Saturday, December 6, 2025

AGOA Expired: Africa Awaits for US Move

(3 Minutes Read)

Textile and apparel exports from Kenya to the US have grown from about USD 50 million when AGOA was first introduced to around USD 500 million today

After 25 years, the African Growth and Opportunity Act (AGOA) has officially expired on Tuesday, leaving the future of trade between the United States and Africa in uncertainty.

The multilateral agreement has given thousands of products from African nations duty-free access to US markets since it was introduced in 2000.

White House officials say President Trump supports a one-year renewal of the law but the clock is ticking and a lot hangs in the balance.   Advocates say it will also be bad for US firms – restricting choices and raising prices on imported raw materials. The law’s only realistic path for renewal is to be attached to a stopgap funding bill Republicans are pushing to keep the US government open beyond Tuesday. For many African businesses, their ability to stay open is also at stake.

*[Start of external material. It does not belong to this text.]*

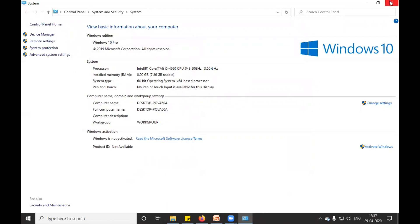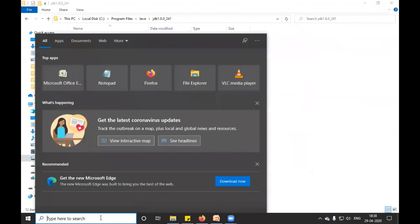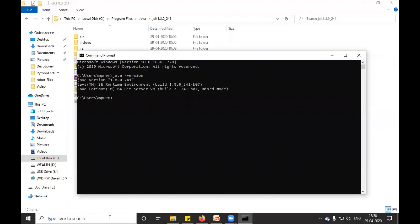So we have successfully set the path of our Java. If you want to check whether the Java version is successfully showing, okay, so just open the command prompt, type java hyphen version. You will get Java 1.8. Okay, so this is my version, Java 8.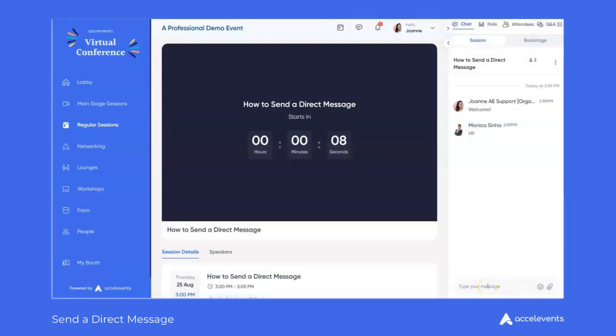Hello and welcome to Excel Events. In this video we'll show you the various ways participants can send direct messages from within the virtual event hub.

In Kenya, it has allowed the country’s textile and apparel sector — makers of jeans, for instance — to effectively compete with Asian exporters such as in Bangladesh and Vietnam.

Textile and apparel exports from Kenya to the US have grown from about USD 50 million when AGOA was first introduced to around US$500 million today.

In Kenya, more than 66,000 people, many of them women, were employed through now-vulnerable textile and apparel exporters to the U.S. In the garment districts of Nairobi, job cuts and fears over livelihoods have already begun.

Kenya is not the only country which has dependence on the AGOA. Countries like South Africa, Lesotho, Nigeria, etc. exports significantly to the US market through the AGOA route. Experts also feel that the scheme, even if it is rolled over, may not operate in the same way as it was in the earlier dispensation. It may become an effective tool with the US Administration to bring more countries under its fold.

AGOA had also given African countries hope that major elements of their export economies would be exempt from blanket tariffs of 10% — and in some cases much higher — announced by the US earlier this year.

Read Also:

https://trendsnafrica.com/agoa-is-about-trade-not-aid-international-trade-centre-executive-director-on-agoa-expiration/

Experts say several African economies are likely to face the adverse effects of both AGOA’s end and Donald Trump’s new tariffs.